Why did Boo Radley save Jem and Scout in To Kill a Mockingbird? Are there any other reasons aside from the fact that Boo liked the kids or appreciated the way Atticus was defending Tom?
Although Scout and Jem had never seen Boo Radley, Boo had certainly been keeping a watch on them. Some of the neighborhood rumors about Boo were probably true: He did occasionally creep around at night, since he had made contact with the children before the assault by Bob Ewell (placing the blanket on Scout's shoulders and by mending Jem's lost pants). Boo had initiated the leaving of gifts in the knothole, and he watched them from within the Radley house as the children rolled the tire and played their Boo Radley game on the sidewalk.
Boo was the children's neighbor, friend and protector--Jem and Scout were "his children," too--although it took Scout a long time to recognize this. On that fateful Halloween night, Boo may have seen the children leave alone and unescorted, and decided to keep an eye on them. Boo may or may not have even known about the Tom Robinson trial or Bob's threats against Atticus, but then again, Boo was one surprising fellow.
Boo was our neighbor...
Summer, and he watched his children's heart break. Autumn again, and Boo's children needed him. (Chapter 31)

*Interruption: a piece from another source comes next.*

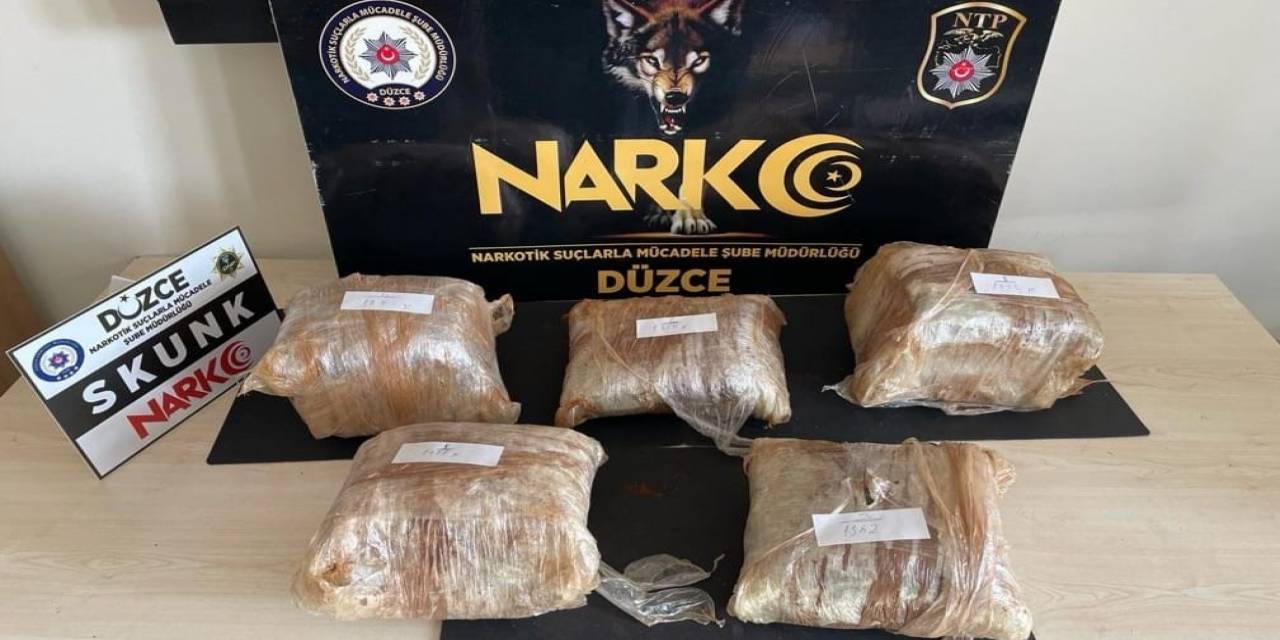 Durdurulan Araçtan 8 Kilo Uyuşturucu Çıktı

As was mentioned in the previous post, Boo viewed Jem and Scout as his friends. He quietly watched them play from his home and even attempted to communicate with them by leaving gifts in the knothole of the tree. On the evening of Bob Ewell's attack, Boo was more than likely watching Jem and Scout walk the streets alone. Like any concerned neighbor, Boo recognized Bob Ewell as a threat to the children and intervened when Bob attacked. Boo had the children's safety in mind when he left his home to fight off the attacker. Despite the fact that Boo considered Jem and Scout to be his friends, Boo was simply acting like a concerned citizen would if they witnessed two children being attacked by an adult. Boo understood that Jem and Scout needed help and selflessly came to their aid. Although Boo is reclusive and does not say much, he obviously knew that the children were in danger and decided to intervene. Personally, I do not think his appreciation for Atticus or his affinity for the children played a major part in his decision to intervene. Fortunately, Boo was able to prevent Bob Ewell from extensively harming or killing the children.